The Algeria-Morocco border has been closed since 1994 after Rabat imposed visa regulations on Algerian citizens following a terror attack on the Atlas Asni Hotel in Marrakech.
Rabat – Algerian presidential candidate Abdelmadjid Tebboune has asked Morocco to apologize for closing the border with Algeria after the Atlas Asni hotel attack in Marrakech in August 1994.
In 2010 a former Algerian agent revealed to The National, part of the London based Quds Press International News Agency, that the Algerian intelligence services were allegedly behind the “planning and execution of the attack.”
Karim Moulay told the press agency that he was “dispatched by Algerian intelligence to Morocco in April 1994 with the mission of initiating some security breaches in order to foment instability in the country.”
In the wake of the attack, Morocco imposed visa regulations on Algerian citizens, and Algeria closed the border.
Tebboune, a former prime minister, spoke about the frozen relations between Algiers and Rabat during a press conference on Sunday, November 24, as part of his election campaign.
Tebboune argued that Morocco should issue a “formal apology” to Algiers as a condition for reopening its borders with Morocco.
For Tebboune, Algeria’s decision to close the border was not due to the Western Sahara conflict.
Algeria publicly supports, finances, and arms the Polisario Front, a breakaway group, and backs its independence claims.
Tebboune said that Algeria rejects the claims of its “involvement in the case of the Atlas Asni bombings in Marrakech.”
He also condemned Morocco’s decision to impose visa regulations on Algerian citizens.
He claimed that “Algerians have been stranded in the Moroccan territories and visa regulations were imposed on Algerians of French origin.”
The candidate emphasized, however, that the country has respect for the Moroccan people.

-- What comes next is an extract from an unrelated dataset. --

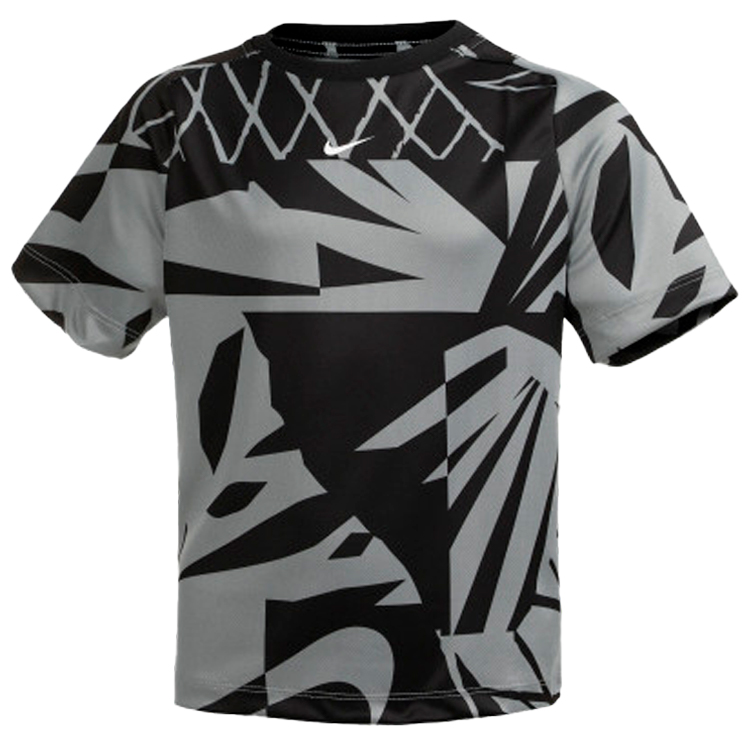 Футболка Nike B NK DF MULTI + SS TP SSNL AOP / Мужской / S / Черный/Серый photo 1 Футболка Nike B NK DF MULTI + SS TP SSNL AOP / Мужской / S / Черный/Серый photo 1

Tebboune added that “Algeria has dignity and cannot accept anyone who tramples on its dignity.”
In contrast to what Tebboune said during the conference, Morocco has expressed its willingness to restore diplomatic relations with Algeria several times.

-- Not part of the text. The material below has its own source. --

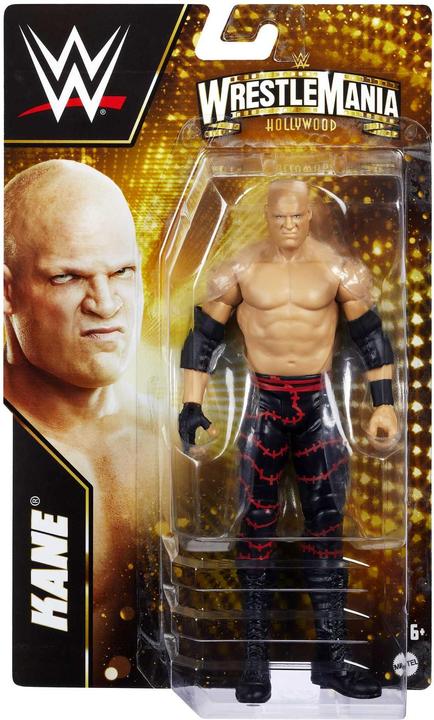 Actual product image Mattel Wrestlemania Basic Assortment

On November 6, 2018, King Mohammed VI made an unprecedented call, inviting Algeria to engage in a frank and direct dialogue with Morocco to break the stalemate.

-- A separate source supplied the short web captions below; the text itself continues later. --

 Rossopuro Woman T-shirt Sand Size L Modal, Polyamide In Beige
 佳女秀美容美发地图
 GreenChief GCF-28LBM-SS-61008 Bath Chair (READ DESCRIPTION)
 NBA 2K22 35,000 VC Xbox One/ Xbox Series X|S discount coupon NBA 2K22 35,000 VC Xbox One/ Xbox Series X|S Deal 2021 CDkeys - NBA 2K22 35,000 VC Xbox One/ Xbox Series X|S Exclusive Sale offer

“I should like to say today, in a very straightforward and responsible way, that Morocco stands ready for a direct and frank dialogue with our sister nation, Algeria, in order to settle the transient and objective differences impeding the development of relations between the two countries,” said King Mohammed VI in his speech.
Algeria, however, opposes Morocco’s policy positions, especially its sovereignty over Western Sahara.
Tebboune is not the only candidate who has put the spotlight on Morocco as part of their election campaigns.
Abdelkader Bengrina, a former tourism minister and now a contender for the country’s presidential seat, also made a controversial statement about Morocco.
He accused Morocco of being a “major drug exporter.”
“All I can tell you is that [Morocco’s] drug exports are estimated in billions and not in millions of dollars,” Bengrina said.